◆ Problem details: Look below for the line that has "Intel celebrates the". Set down the lines from there through the line that has "5 bed detached", exactly as written.

◆ Data for processing:
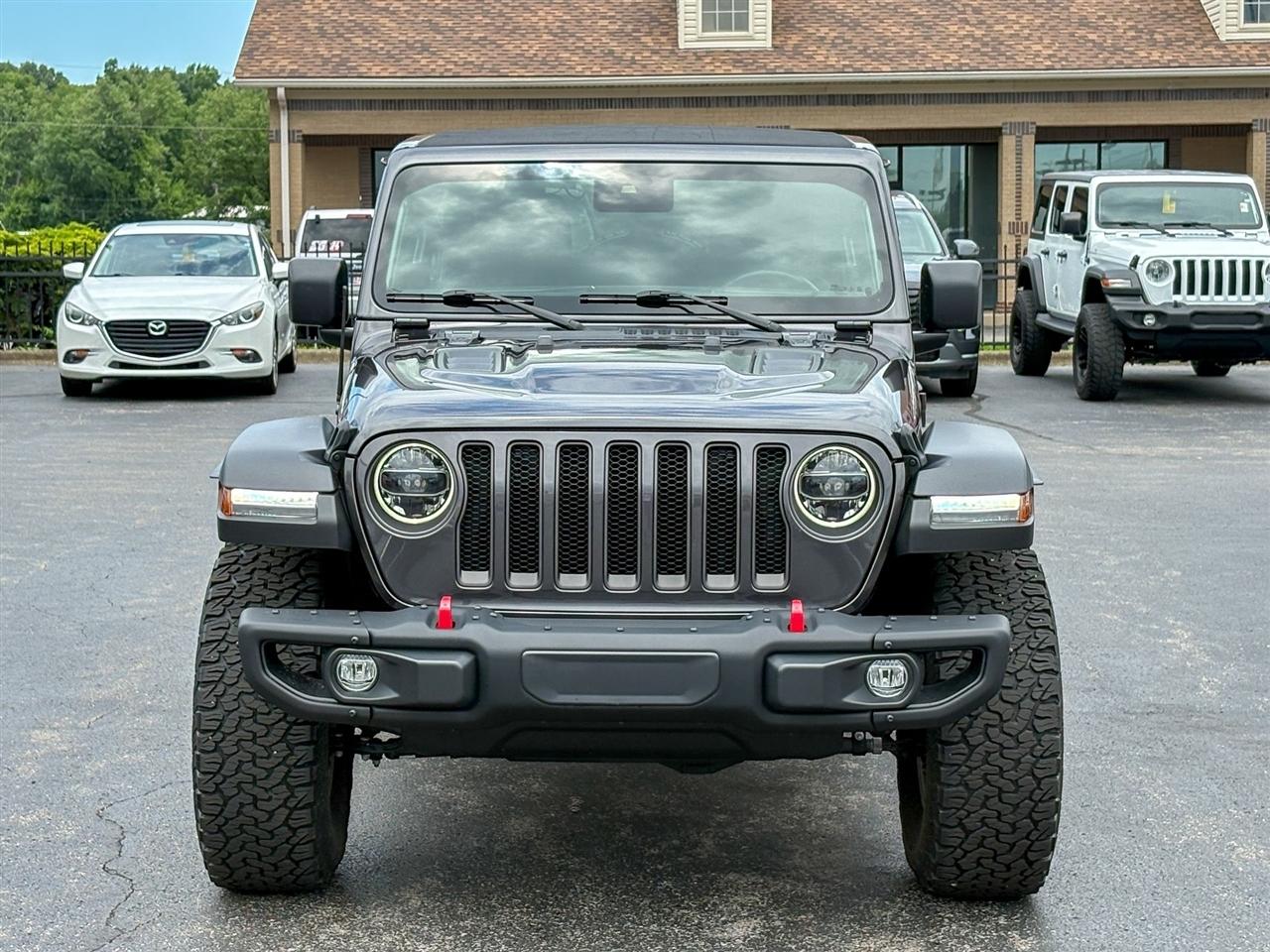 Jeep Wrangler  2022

...

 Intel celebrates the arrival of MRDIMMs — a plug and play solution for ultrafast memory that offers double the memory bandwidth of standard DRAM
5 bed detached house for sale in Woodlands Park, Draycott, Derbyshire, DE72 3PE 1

◆ Response to the exercise:
 Intel celebrates the arrival of MRDIMMs — a plug and play solution for ultrafast memory that offers double the memory bandwidth of standard DRAM
5 bed detached house for sale in Woodlands Park, Draycott, Derbyshire, DE72 3PE 1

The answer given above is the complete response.